Available data ->
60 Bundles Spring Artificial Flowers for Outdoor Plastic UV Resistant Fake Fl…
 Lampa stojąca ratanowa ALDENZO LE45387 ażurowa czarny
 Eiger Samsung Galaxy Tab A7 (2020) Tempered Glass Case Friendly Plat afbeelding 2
--
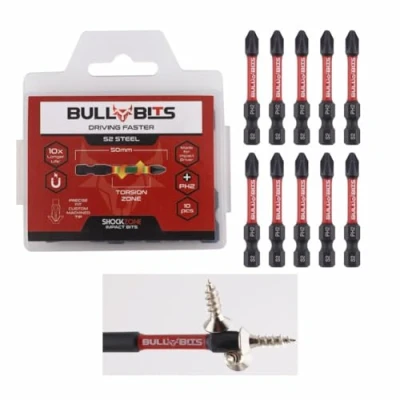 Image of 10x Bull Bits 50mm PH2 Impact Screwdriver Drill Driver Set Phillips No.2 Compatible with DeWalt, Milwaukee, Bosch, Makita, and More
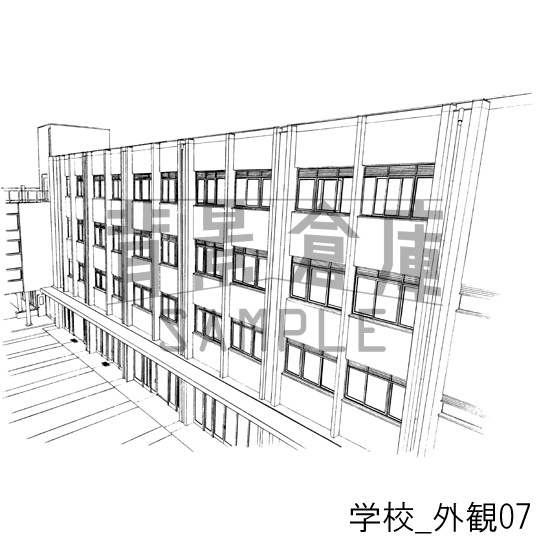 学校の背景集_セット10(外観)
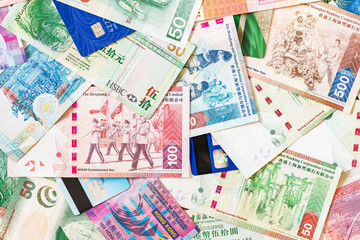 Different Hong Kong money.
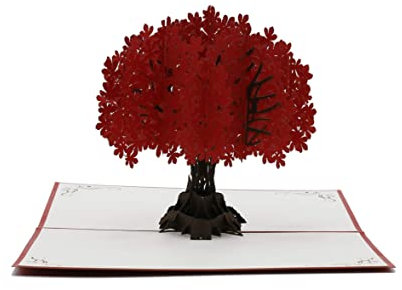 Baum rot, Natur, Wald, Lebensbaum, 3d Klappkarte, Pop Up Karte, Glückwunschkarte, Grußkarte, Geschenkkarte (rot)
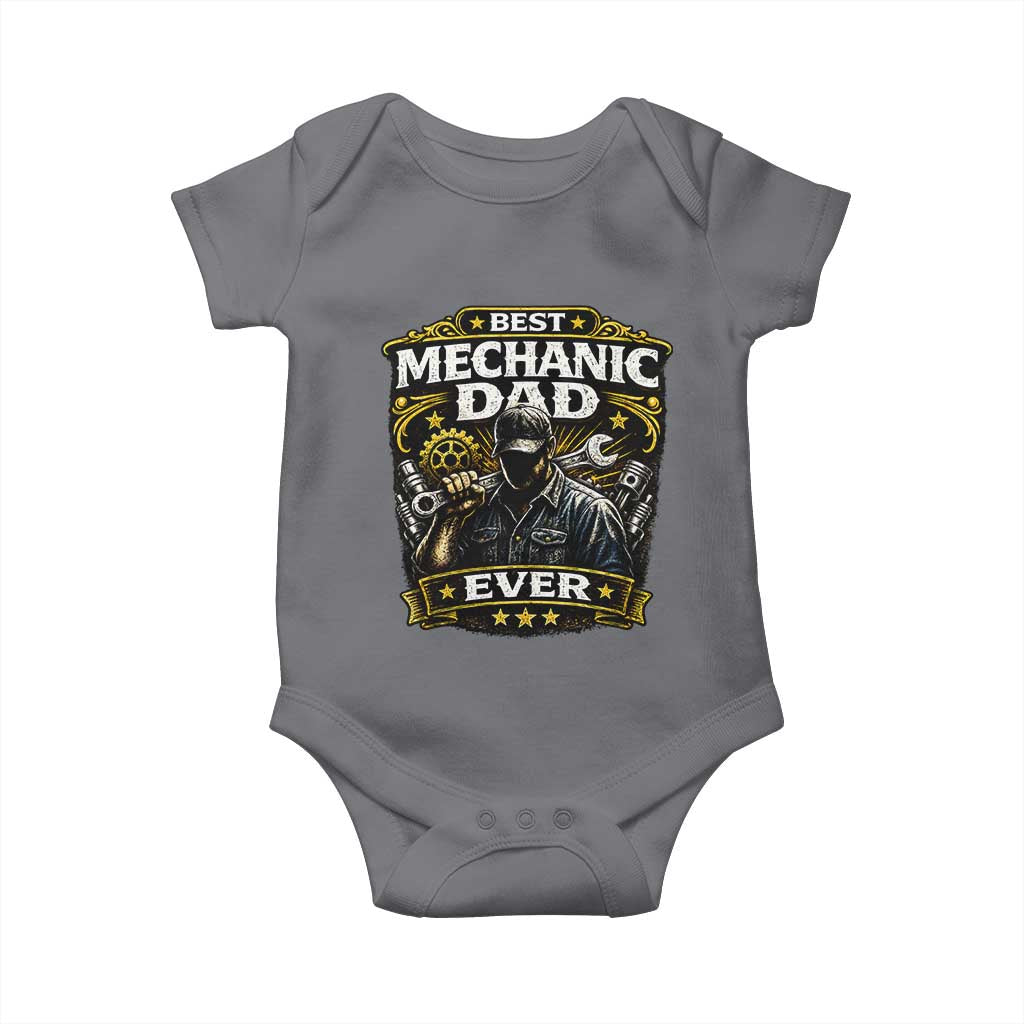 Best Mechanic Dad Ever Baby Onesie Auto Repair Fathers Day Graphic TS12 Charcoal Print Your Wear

Task statement -> Above, find the line with "Baum rot, Natur, Wald, Lebensbaum, 3d"; copy it and every line down to the line with "Best Mechanic Dad", exactly and both included, but no pictures.

Written response ->
 Baum rot, Natur, Wald, Lebensbaum, 3d Klappkarte, Pop Up Karte, Glückwunschkarte, Grußkarte, Geschenkkarte (rot)
 Best Mechanic Dad Ever Baby Onesie Auto Repair Fathers Day Graphic TS12 Charcoal Print Your Wear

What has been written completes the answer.